**EXERCISE:** Among the records that follow, set down only the lines from the one containing "Artiss Dining Chairs" to the one containing "Décoration de chambre", both included, exactly.

**INFORMATION PROVIDED:**
====
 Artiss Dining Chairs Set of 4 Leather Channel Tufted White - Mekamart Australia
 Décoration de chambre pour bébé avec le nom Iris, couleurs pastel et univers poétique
====
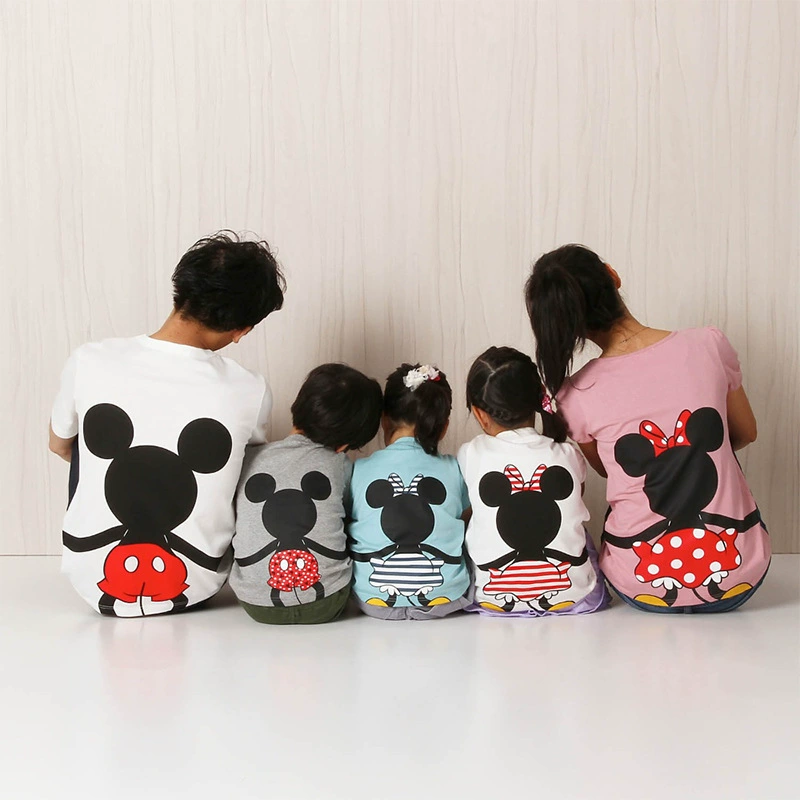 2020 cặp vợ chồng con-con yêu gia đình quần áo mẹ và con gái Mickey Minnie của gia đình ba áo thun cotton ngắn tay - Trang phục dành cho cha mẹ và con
====
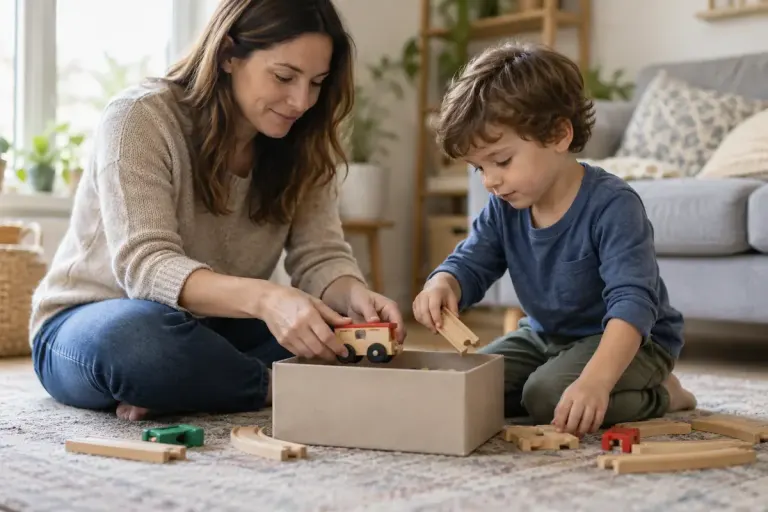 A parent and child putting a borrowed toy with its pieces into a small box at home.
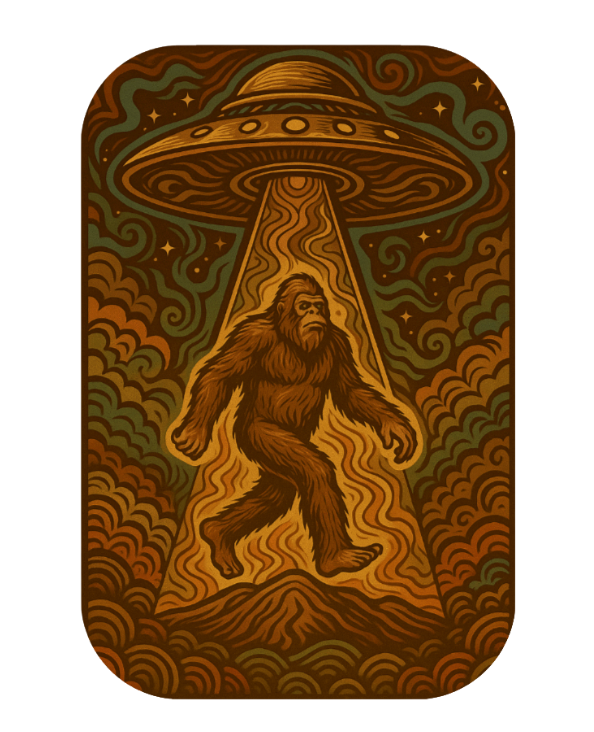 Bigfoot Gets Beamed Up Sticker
====
**SOLUTION:**
 Artiss Dining Chairs Set of 4 Leather Channel Tufted White - Mekamart Australia
 Décoration de chambre pour bébé avec le nom Iris, couleurs pastel et univers poétique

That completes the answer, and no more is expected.